- **About this exercise**
After finding the line with "Little Brats Mint" in the data below, set down exactly each line through the one with "Couture Navy Deep", inclusive, and stop there.

Segment Start: Source records

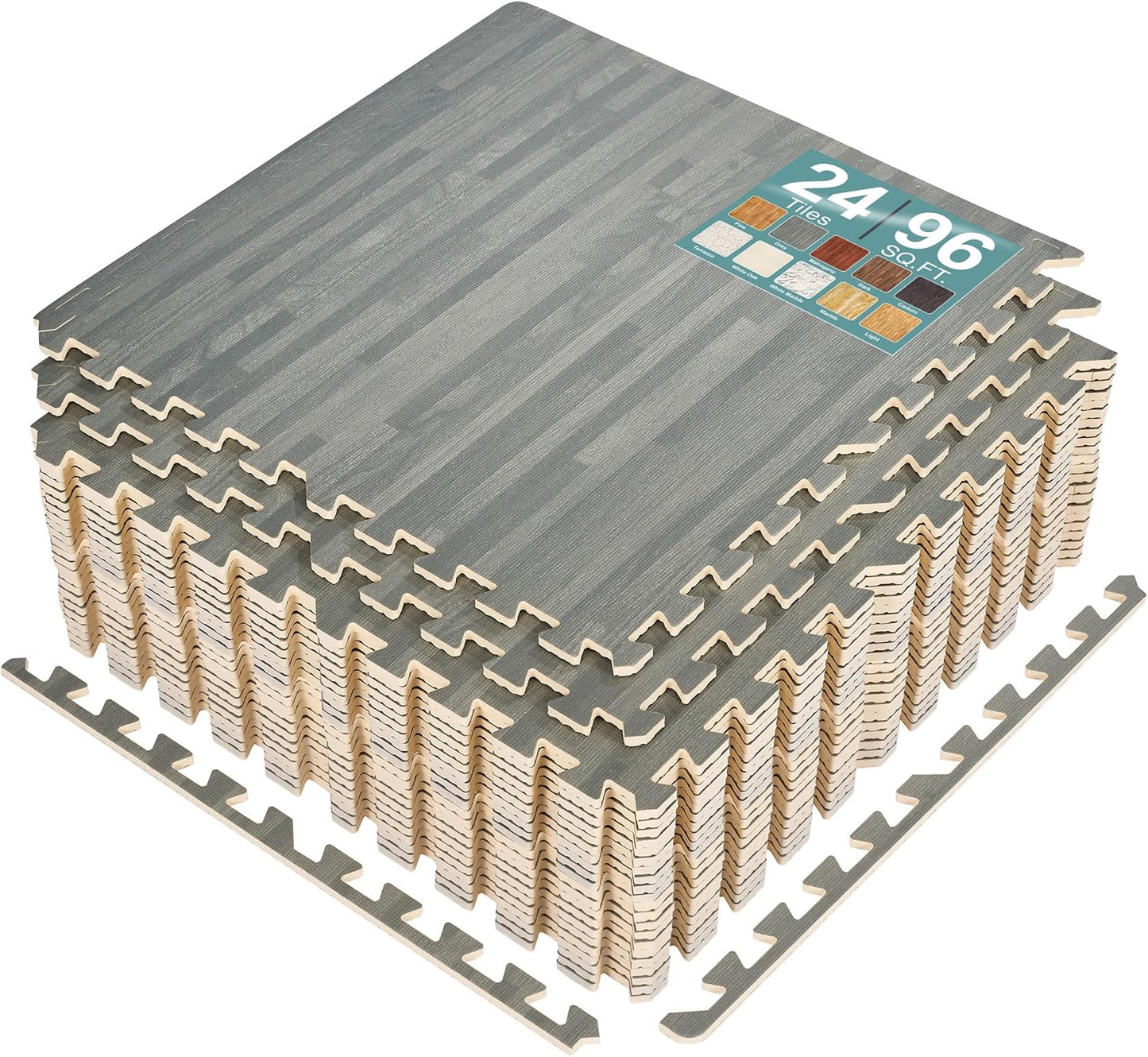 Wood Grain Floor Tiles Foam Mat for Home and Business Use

Segment End: Source records
Segment Start: Source records

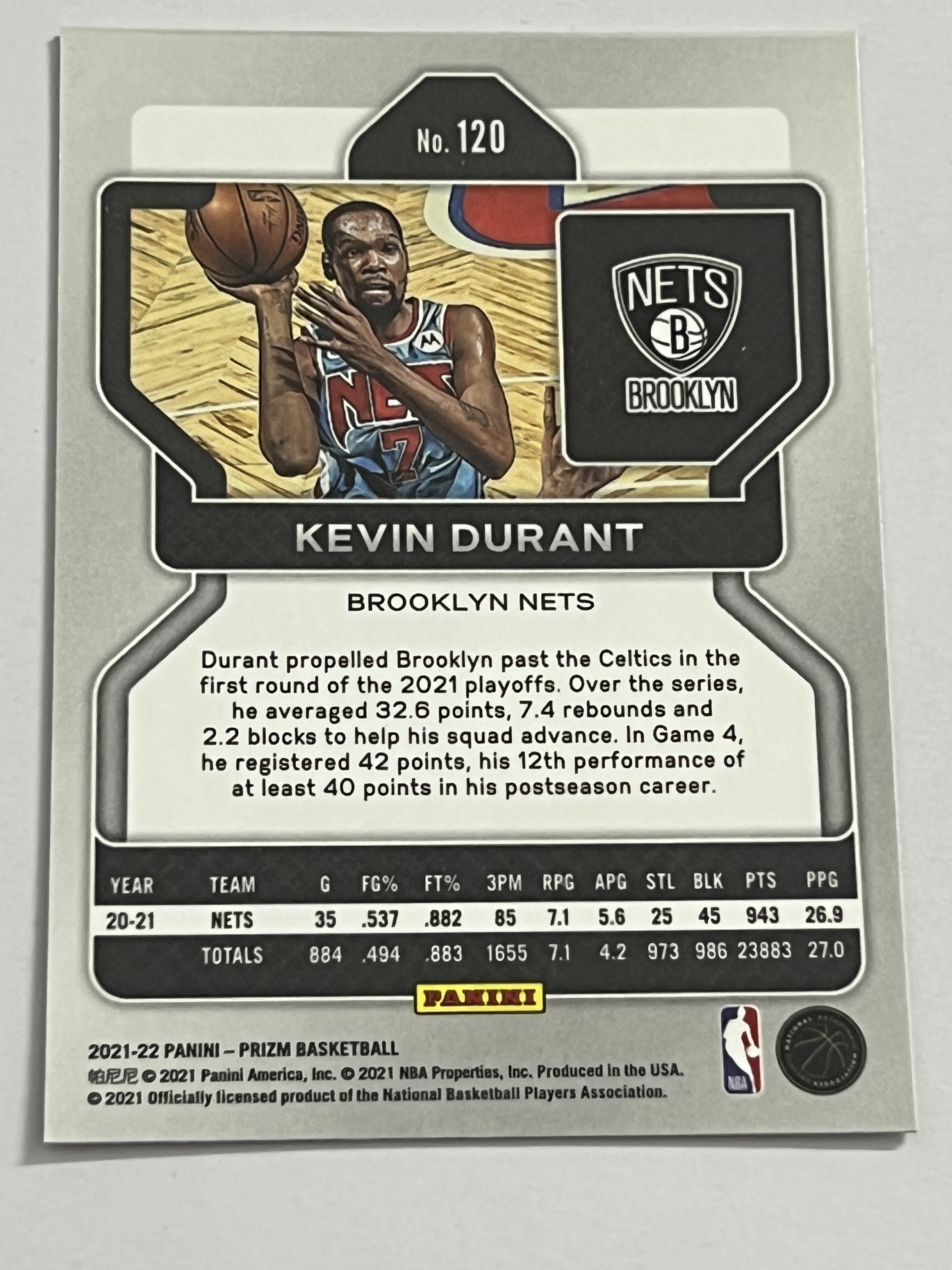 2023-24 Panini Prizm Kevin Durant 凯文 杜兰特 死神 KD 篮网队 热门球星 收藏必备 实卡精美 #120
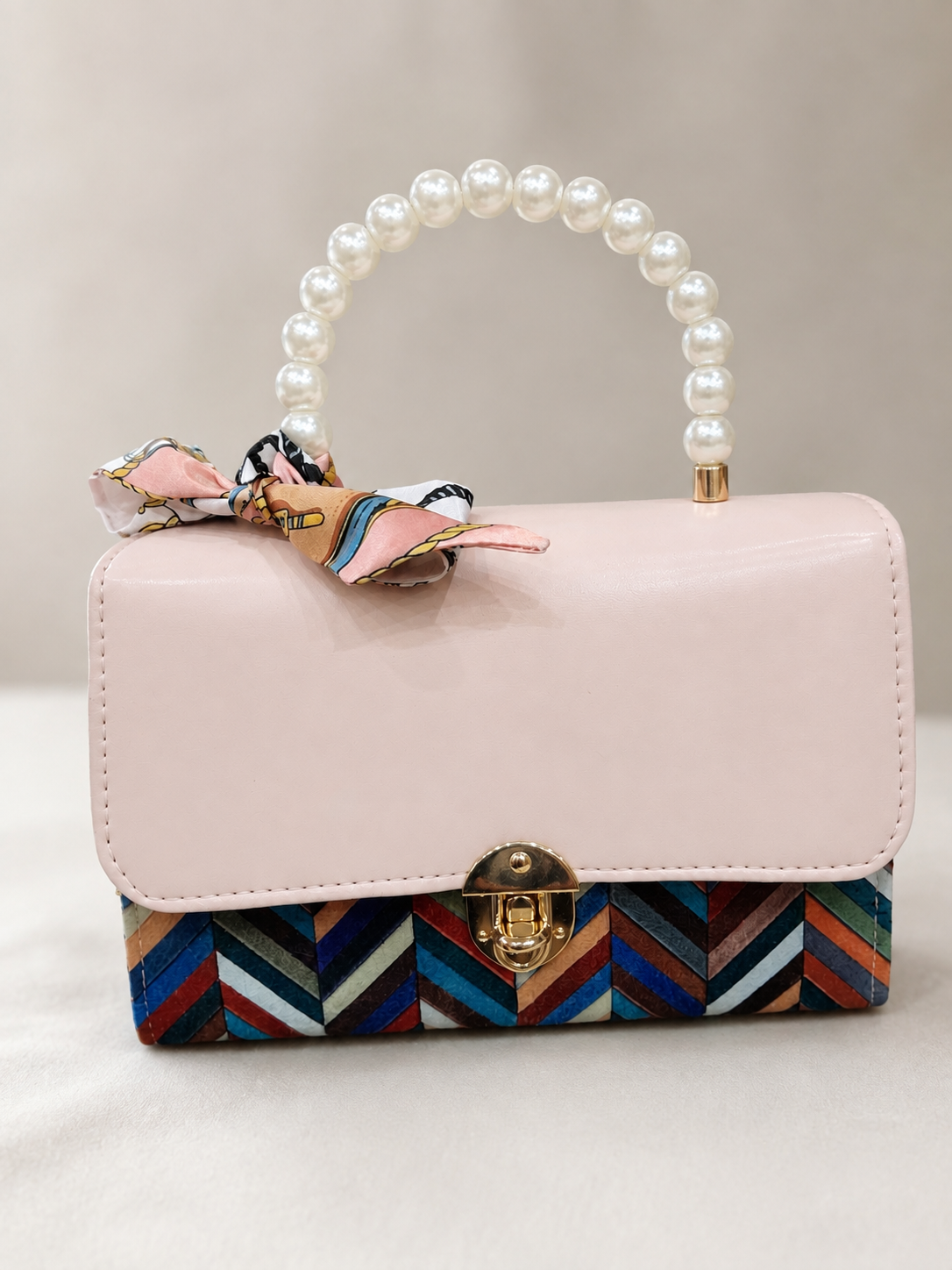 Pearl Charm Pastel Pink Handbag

Segment End: Source records
Segment Start: Source records

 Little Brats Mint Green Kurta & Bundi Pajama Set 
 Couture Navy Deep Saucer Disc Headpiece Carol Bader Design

Segment End: Source records

- **Task solution**
 Little Brats Mint Green Kurta & Bundi Pajama Set 
 Couture Navy Deep Saucer Disc Headpiece Carol Bader Design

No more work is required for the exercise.